Un’altra cosa compresa è l’importanza di non fare più queste cose da solo. Gli ultimi sette, otto chilometri li ho percorsi con un più o meno coetaneo che aveva un ritmo simile al mio e con lui ho parlato, fatto considerazioni, valutazioni… e diversamente da prima che ogni sintomo proveniente dal mio organismo era evidenziato, temuto e sopravalutato, ora la strada scorreva (là dove poteva scorrere) al punto che l’insana idea di prolungare riprendeva corpo. Quindi, nella speranza che la sua intenzione fosse di fare il percorso lungo, informavo il mio nuovo compagno del proposito iniziale di fare i 105 km e che però avevo grosse perplessità viste le mie quasi esaurite energie. In risposta al mio ragionamento lui ha opposto pacatamente una considerazione legata unicamente al calore e all’afa opprimente che sconsigliava di proseguire, in una giornata così caratterizzata, verso Ivrea. Pur invidiando l’abilità di tale ragionamento atto a mascherare la sua condizione di “scoppiamento”, con quelle parole l’ipotesi di proseguire per Ivrea è stata definitivamente accantonata e la pedalata è proseguita con leggerezza fino al cartello di Albiano… ma, come nei peggiori film del terrore nei quali lo spettatore viene colto alla sprovvista dalla serenità delle ultime scene sconvolte da un ultimo e truculento omicidio, ecco la sorpresa finale: deviazione a sinistra, salita ormai inaspettata e per questo più difficile e dolorosa. Ma si è alla fine e allora si raccatta quel che è rimasto e si sale fino ad intravedere il presunto culmine sul quale, sadicamente, sta all’uopo appostato un omino fluorescente che con indifferenza invita a svoltare ancora a sinistra dove davanti a te si evidenzia un indecente strappo verticale su un fondo impossibile. Tempo di comunicare all’omino della sua insita bastardaggine, sentire la risposta di lui che, evidentemente pervaso da un senso di colpa, informa della brevità di quell’ultimo strappo, salito sui pedali ho sentito i miei muscoli dolere al limite dei crampi: risedutomi sul sellino e forzando con le ultime risorse su quello sterrato ignobile, raggiungo la sommità e discendo poi su del ghiaione, assolutamente instabile, gettato lì a secchiate quasi fosse un ultimo grazioso pensiero da parte dell’organizzazione.

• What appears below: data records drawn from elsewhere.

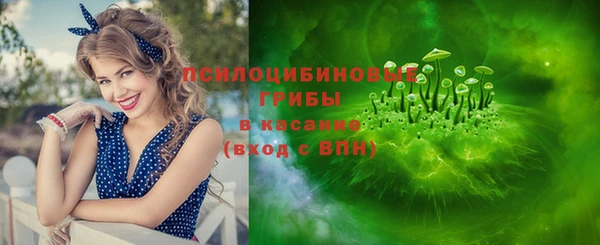 мяу мяу мука Алзамай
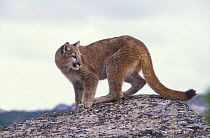 Juvenile female Puma / mountain lion {Felis concolor} captive, Montana, USA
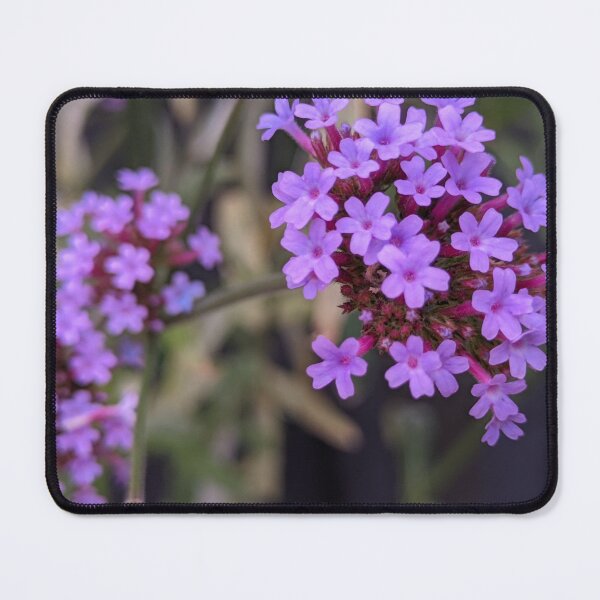 Item preview, Verbena Bonariensis Purple Blooms, Layered Macro Garden Photography designed and sold by PrettyAround.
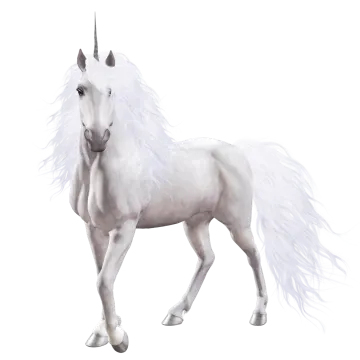 a white unicorn standing on its hinds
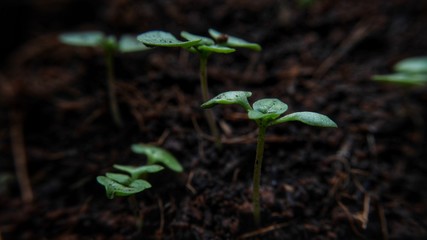 young plant in soil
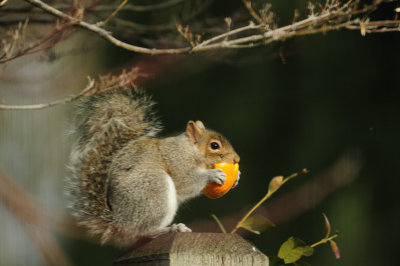 They like my Oranges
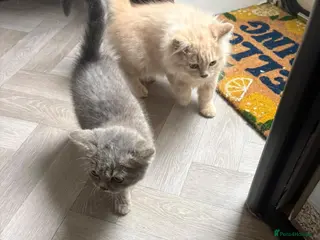 British Shorthair cats British shorthair kittens - Advert 7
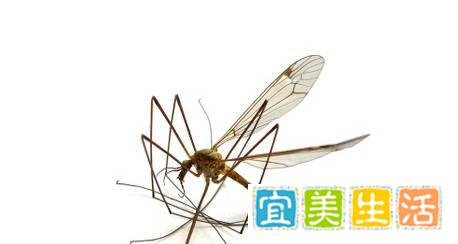 人们那么痛恨蚊子，为什么不把它们从地球上消灭掉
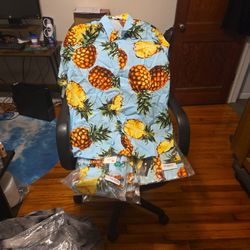 Short Sleeve Button Up Shirts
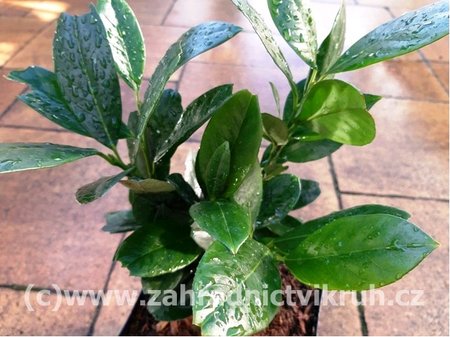 Bobkovi�e� l�ka�sk� - Prunus laurocerasus NOVITA, C 1,4 l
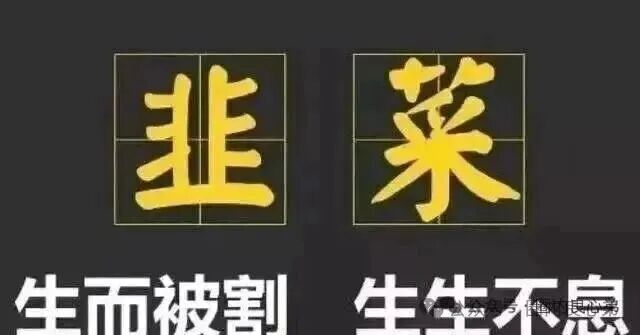 10月底最新整理8个崩盘跑路【启明创投，全球供应链，超脑智算，方舟之境，永恒协议，博发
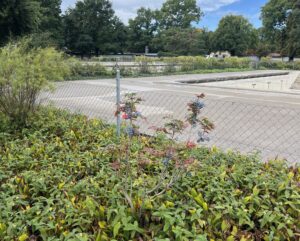 Pflanzen rund ums Schwimmbecken im Marzili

Infine il traguardo. Firma e attestato. Recupero di una respirazione normale. Acqua. Pranzo con i pensieri che si finalmente si distendono. Vino.
Un sms inviato a figli e fidanzata: “ Fatto! …Sfatto…”.
Esperienza unica? Mentre torno a casa è questa la domanda che mi gira in testa.La risposta, lì per lì, vira ad essere “si” ma non in modo sicuro, definitivo… e adesso, a distanza di due giorni sono lì ad osservare il sito della “Mitica” cercando di valutare se il percorso lungo sia alla portata oppure no…
Fuoriondabike?! E’ per te sufficientemente se ti comunico un semplice ma sentito “grazie” a te e a tutti gli omini fluorescenti per la sudata domenica che mi avete fatto trascorrere?